During drilling, drilling fluid is pumped down the bore hole through the drill string to the drill bit. The drilling fluid passes through an internal longitudinal bore (or plenum) within the drill bit and through other fluid conduits or passageways within the drill bit to nozzles that direct the drilling fluid out from the drill bit at relatively high velocity. The nozzles may be directed toward the rolling cutters and cutting elements thereon to clean formation cuttings and detritus from the cutters and prevent “balling” of the drill bit. The nozzles also may be directed past the rolling cutters and toward the bottom of the bore hole to flush cuttings and detritus off from the bottom of the bore hole and up the annulus between the drill string and the bore hole wall.

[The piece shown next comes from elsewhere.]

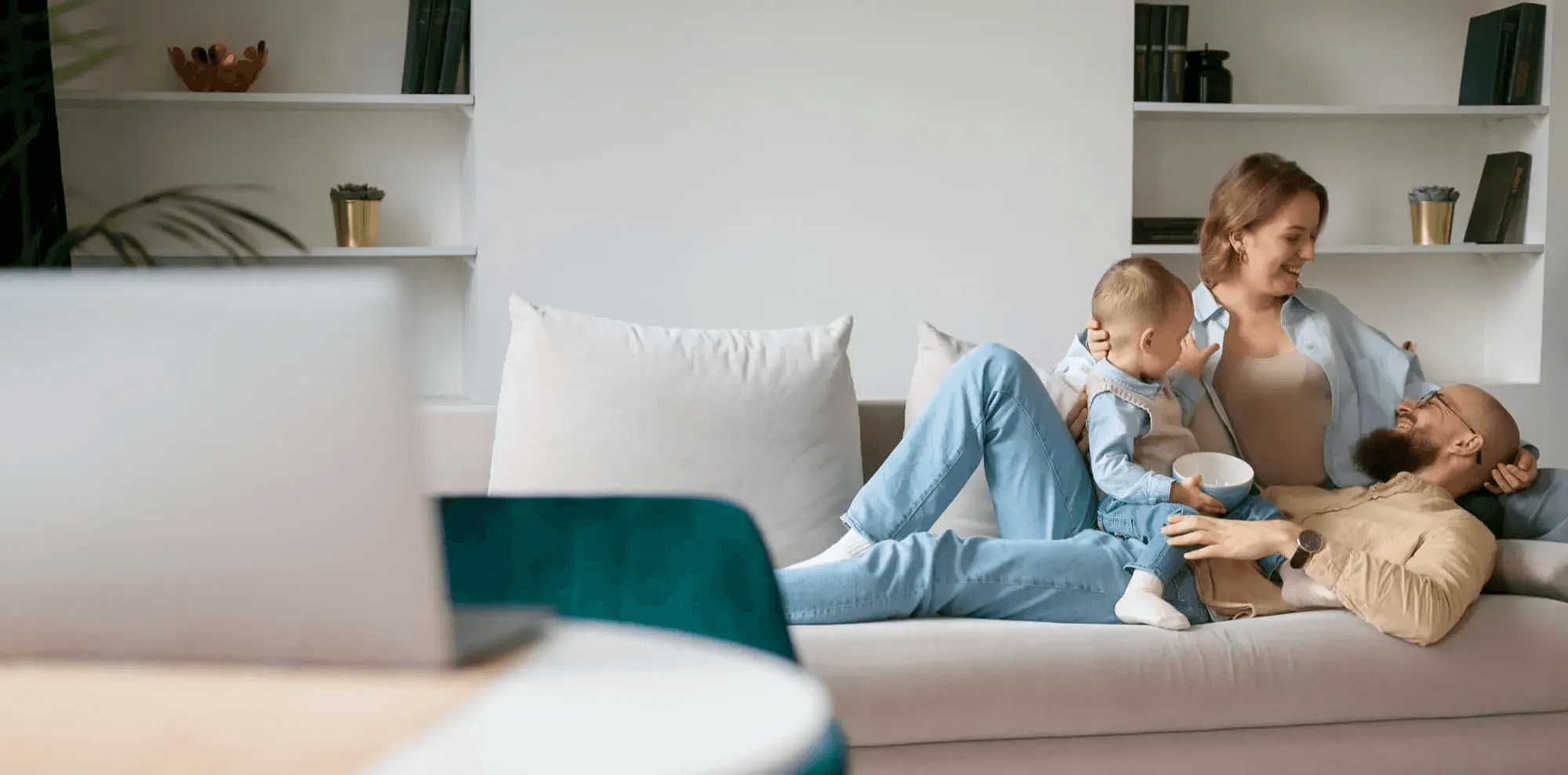 A young family relaxes together on a cozy couch in their modern living room, smiling and enjoying time with their baby. The warm, inviting setting reflects the comfort and stability made possible through FHA home loans from Chris Lewis Home Loans.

In inclined and horizontal bore holes, the cuttings that are flushed from the bottom of the well bore may gravitate to the lower side of the annulus where they accumulate in a layer or bed of mud and cuttings. The thickness of this cuttings bed may vary depending on the inclination of the bore hole, the rotational speed of the drill bit and the ability of the nozzles and drilling fluid to flush the cuttings. The exterior surfaces of the drill bit must rotate through this bed of abrasive cuttings that can cause the surfaces of the drill bit to wear, and may eventually lead to failure of the drill bit. In addition, the outer surfaces of the drill bit (e.g., the legs of a roller cone drill bit) form a large, smooth bearing surface that, in an inclined bore hole, causes the drill bit to ride up or sit on the cuttings bed. As the bit rides up on the cuttings bed, the entire bit can become wedged between the cuttings bed and the opposing wall of the bore hole, resulting in increased torque and drag against the drill bit surfaces. This increase in torque and drag reduces the power delivered to the drill bit and can, in extreme cases, cause the drill bit to become stuck in the bore hole. Furthermore, formation cuttings that are preferentially extruded through the narrow, open space between the rolling cutters and the bit legs that support them can damage the seals that are positioned between the rolling cutters and the bearing shafts that extend from the bit legs and on which the rolling cutters are mounted.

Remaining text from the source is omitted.